Riccardo Bosi

Revision as of 03:47, 13 February 2022 by (username removed) (→‎Diet)

Riccardo Bosi, also known as Il Douche/Wish.Com Saddam/Reject Shop Gaddaffi and Craptain Cooker; is a prolific author, used car salesman and motivational speaker, from Sydney, Australia. He spent 24 years in the army 'protecting sickos'. He is frequently seen around Camp Cooker with his usher and offsider, David 'Kanga Guru' Graham.

He is well known as the archnemesis of Lord Admiral Graham Hood.

The tome of infinite wisdom

Quotes

GET THAT NUMBER TATTED ON YOUR FORRID! 5 MILLION PEOPLE! Sydney, Melbourne, get off your tails and do some work. Get down here! 5 Million people... This is a moment in history. If we FUCK THIS, WE LOSE! DO YOU UNDERSTAND??! THIS IS OUR TIME, WE EITHER WIN OR LOSE. THOSE BASTARDS UP THERE ARE ALREADY KILLING OUR KIDS! WHAT DO YOU THINK THEY HAVE IN STORE FOR US NEXT?


— Riccardo Bosi, Outside Parliament House
relevant conspiracy - blood libel

They wanna make - a baby does not get personhood until they are two years old. Up until that point you can fuck em, you can kill em, you can take body parts out. Ask your mates Kelly and Palmer what the FUCK they're gonna do about that.


— Riccardo Bosi, Video
relevant conspiracy - blood libel

Battle of EPIC

Bosi is currently involved in a leadership struggle against Camp Cooker LARPer-in-Chief, Admiral (ret) Graham Hood. Drone swarms, under the command of Admiral Hood, have allegedly conducted flyovers of Camp Cooker during Bosi's morning briefings, in order to gather intelligence. They have not been successful.

Unmarked vehicles, equipped with radiation weapons, have also been sighted near the front of Camp Cooker. It is not known whether they are acting under the orders of Admiral Hood.

Diet

The breakfast of champions

Bosi's diet consists entirely of RICE AND FUCKIN' ONIONS.

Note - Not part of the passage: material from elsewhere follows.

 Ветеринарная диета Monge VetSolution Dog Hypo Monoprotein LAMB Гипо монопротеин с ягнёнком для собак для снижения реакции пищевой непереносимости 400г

There are unconfirmed reports that juvenile Bosi's get a decent feed.

Antics

Political influence

  • Inspired by former Italian Prime Minister Benito Mussolini and former American General Flynn.
  • Despite being the darling of the FreeDumb movement, Bosi's A1 party remains unable to gather the requisite 1,500 qualified party members to support the party's registration with AEC, allegedly due to the party members failing to pass the standard "Working with Children" checks.
  • Bosi is running on the "Save the Children" platform popular among the FreeDumb movement. One of Bosi's election promise is to ban neo-natal abortion, an aggressive proposal that his key political rival UAP Craig Kelly is too chicken shit to support.
  • Bosi was narrowly defeated in the 2020 Eden-Monaro By-election, where he accumulated 0% of the votes. [1]
  • Bosi is an Islamophobe who was seen giving an unsuspecting Muslim women the classic Bosi treatment in public.

Fashion Choices

  • Bosi wears his unmarked camo as his preferred fashion choice. He is definitely not LARPing.
  • Bosi refuses to attach any badges or insignia on his camo (including the Australian flag one), because he regularly wears these camos as PJs and the pins hurt him when he sleeps.

War Injury and replacement nipples

Bosi's diamond nipples on full display
  • Bosi was leading a raid on innocent afghani farmers when he tripped over and grazed his chest on the ground, ripping off his nipples.
  • As part of an experimental program, the SAS replaced his nipples with extremely sharp diamonds.
  • Rumour has it his nipples are capable of detaching and being thrown as ninja stars if Bosi is ever disarmed.

Definitely not a government plant

  • There are rumours that Bosi, as an ex-SAS lieutenant colonel could be a part of a Government plot to delegitimise and control growing right-wing extremist movements in Australia.
  • These rumours are definitely INCORRECT. Bosi is a proven freedom fighter who made visits occasionally to CAMP EPIC before he went back to his 5 star hotel. He needed the hotel to stay refreshed and prepared to fight off the globalists.